What to produce: Print the data that follows without changing a single word.

BEGIN Material provided

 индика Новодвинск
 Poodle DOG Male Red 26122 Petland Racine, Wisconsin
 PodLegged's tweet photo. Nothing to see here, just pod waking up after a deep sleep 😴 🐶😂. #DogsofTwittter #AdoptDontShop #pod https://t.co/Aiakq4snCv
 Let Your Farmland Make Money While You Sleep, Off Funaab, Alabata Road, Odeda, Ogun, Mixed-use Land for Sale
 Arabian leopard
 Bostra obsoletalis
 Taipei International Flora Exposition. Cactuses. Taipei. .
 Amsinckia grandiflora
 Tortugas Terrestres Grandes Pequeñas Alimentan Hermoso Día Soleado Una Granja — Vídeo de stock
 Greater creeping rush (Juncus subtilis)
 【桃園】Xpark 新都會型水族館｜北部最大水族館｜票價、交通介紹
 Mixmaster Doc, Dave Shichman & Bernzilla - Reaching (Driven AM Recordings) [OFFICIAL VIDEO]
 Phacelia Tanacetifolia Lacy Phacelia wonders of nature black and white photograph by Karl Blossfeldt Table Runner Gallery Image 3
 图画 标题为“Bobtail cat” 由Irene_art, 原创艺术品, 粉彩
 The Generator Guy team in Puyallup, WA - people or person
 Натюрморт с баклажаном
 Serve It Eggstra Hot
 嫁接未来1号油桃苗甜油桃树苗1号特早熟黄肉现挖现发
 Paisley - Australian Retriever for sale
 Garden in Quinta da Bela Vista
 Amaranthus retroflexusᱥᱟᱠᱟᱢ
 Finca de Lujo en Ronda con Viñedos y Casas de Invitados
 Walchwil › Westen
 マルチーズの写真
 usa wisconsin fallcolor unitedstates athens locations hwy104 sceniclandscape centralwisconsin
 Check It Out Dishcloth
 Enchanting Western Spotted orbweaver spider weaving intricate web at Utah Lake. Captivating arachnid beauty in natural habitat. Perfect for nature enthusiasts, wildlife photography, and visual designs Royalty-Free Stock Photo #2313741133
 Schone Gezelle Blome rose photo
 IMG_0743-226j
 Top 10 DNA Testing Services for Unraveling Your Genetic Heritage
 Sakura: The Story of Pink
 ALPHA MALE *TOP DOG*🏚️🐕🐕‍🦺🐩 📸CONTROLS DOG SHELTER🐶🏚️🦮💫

END Material provided

Answer to the problem:
 индика Новодвинск
 Poodle DOG Male Red 26122 Petland Racine, Wisconsin
 PodLegged's tweet photo. Nothing to see here, just pod waking up after a deep sleep 😴 🐶😂. #DogsofTwittter #AdoptDontShop #pod https://t.co/Aiakq4snCv
 Let Your Farmland Make Money While You Sleep, Off Funaab, Alabata Road, Odeda, Ogun, Mixed-use Land for Sale
 Arabian leopard
 Bostra obsoletalis
 Taipei International Flora Exposition. Cactuses. Taipei. .
 Amsinckia grandiflora
 Tortugas Terrestres Grandes Pequeñas Alimentan Hermoso Día Soleado Una Granja — Vídeo de stock
 Greater creeping rush (Juncus subtilis)
 【桃園】Xpark 新都會型水族館｜北部最大水族館｜票價、交通介紹
 Mixmaster Doc, Dave Shichman & Bernzilla - Reaching (Driven AM Recordings) [OFFICIAL VIDEO]
 Phacelia Tanacetifolia Lacy Phacelia wonders of nature black and white photograph by Karl Blossfeldt Table Runner Gallery Image 3
 图画 标题为“Bobtail cat” 由Irene_art, 原创艺术品, 粉彩
 The Generator Guy team in Puyallup, WA - people or person
 Натюрморт с баклажаном
 Serve It Eggstra Hot
 嫁接未来1号油桃苗甜油桃树苗1号特早熟黄肉现挖现发
 Paisley - Australian Retriever for sale
 Garden in Quinta da Bela Vista
 Amaranthus retroflexusᱥᱟᱠᱟᱢ
 Finca de Lujo en Ronda con Viñedos y Casas de Invitados
 Walchwil › Westen
 マルチーズの写真
 usa wisconsin fallcolor unitedstates athens locations hwy104 sceniclandscape centralwisconsin
 Check It Out Dishcloth
 Enchanting Western Spotted orbweaver spider weaving intricate web at Utah Lake. Captivating arachnid beauty in natural habitat. Perfect for nature enthusiasts, wildlife photography, and visual designs Royalty-Free Stock Photo #2313741133
 Schone Gezelle Blome rose photo
 IMG_0743-226j
 Top 10 DNA Testing Services for Unraveling Your Genetic Heritage
 Sakura: The Story of Pink
 ALPHA MALE *TOP DOG*🏚️🐕🐕‍🦺🐩 📸CONTROLS DOG SHELTER🐶🏚️🦮💫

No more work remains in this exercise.